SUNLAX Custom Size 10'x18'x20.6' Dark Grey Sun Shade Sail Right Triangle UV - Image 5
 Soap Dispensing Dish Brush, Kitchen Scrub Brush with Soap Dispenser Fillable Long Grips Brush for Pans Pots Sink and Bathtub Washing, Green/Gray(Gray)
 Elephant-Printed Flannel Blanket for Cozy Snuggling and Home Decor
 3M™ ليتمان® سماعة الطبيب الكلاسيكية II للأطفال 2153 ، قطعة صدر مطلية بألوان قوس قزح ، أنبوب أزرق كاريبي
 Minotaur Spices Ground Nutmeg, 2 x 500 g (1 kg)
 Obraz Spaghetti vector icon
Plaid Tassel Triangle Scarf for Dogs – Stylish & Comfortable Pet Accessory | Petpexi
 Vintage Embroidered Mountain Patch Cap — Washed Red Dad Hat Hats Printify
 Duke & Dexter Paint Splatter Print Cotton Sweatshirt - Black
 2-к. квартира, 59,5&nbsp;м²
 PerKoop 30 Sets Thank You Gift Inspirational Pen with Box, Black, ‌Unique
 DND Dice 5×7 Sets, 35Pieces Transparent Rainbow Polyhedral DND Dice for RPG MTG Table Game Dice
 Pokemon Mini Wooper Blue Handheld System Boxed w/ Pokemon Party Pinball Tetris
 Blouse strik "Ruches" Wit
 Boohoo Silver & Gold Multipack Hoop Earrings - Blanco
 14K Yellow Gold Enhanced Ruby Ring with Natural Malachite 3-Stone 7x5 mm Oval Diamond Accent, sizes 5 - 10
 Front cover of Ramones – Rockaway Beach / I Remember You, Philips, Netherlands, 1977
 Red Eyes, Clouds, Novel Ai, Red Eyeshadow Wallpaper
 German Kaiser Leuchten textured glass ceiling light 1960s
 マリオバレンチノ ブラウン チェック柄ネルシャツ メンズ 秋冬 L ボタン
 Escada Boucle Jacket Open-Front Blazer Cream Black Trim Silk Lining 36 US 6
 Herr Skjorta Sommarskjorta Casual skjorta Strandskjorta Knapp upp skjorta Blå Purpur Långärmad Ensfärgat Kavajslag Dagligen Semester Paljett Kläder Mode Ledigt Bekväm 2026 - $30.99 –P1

▶ EXERCISE: When you reach the line containing "3M™ ليتمان® سماعة" in the data above, start copying exactly, and stop after the line containing "German Kaiser Leuchten".

▶ THE ANSWER:
 3M™ ليتمان® سماعة الطبيب الكلاسيكية II للأطفال 2153 ، قطعة صدر مطلية بألوان قوس قزح ، أنبوب أزرق كاريبي
 Minotaur Spices Ground Nutmeg, 2 x 500 g (1 kg)
 Obraz Spaghetti vector icon
Plaid Tassel Triangle Scarf for Dogs – Stylish & Comfortable Pet Accessory | Petpexi
 Vintage Embroidered Mountain Patch Cap — Washed Red Dad Hat Hats Printify
 Duke & Dexter Paint Splatter Print Cotton Sweatshirt - Black
 2-к. квартира, 59,5&nbsp;м²
 PerKoop 30 Sets Thank You Gift Inspirational Pen with Box, Black, ‌Unique
 DND Dice 5×7 Sets, 35Pieces Transparent Rainbow Polyhedral DND Dice for RPG MTG Table Game Dice
 Pokemon Mini Wooper Blue Handheld System Boxed w/ Pokemon Party Pinball Tetris
 Blouse strik "Ruches" Wit
 Boohoo Silver & Gold Multipack Hoop Earrings - Blanco
 14K Yellow Gold Enhanced Ruby Ring with Natural Malachite 3-Stone 7x5 mm Oval Diamond Accent, sizes 5 - 10
 Front cover of Ramones – Rockaway Beach / I Remember You, Philips, Netherlands, 1977
 Red Eyes, Clouds, Novel Ai, Red Eyeshadow Wallpaper
 German Kaiser Leuchten textured glass ceiling light 1960s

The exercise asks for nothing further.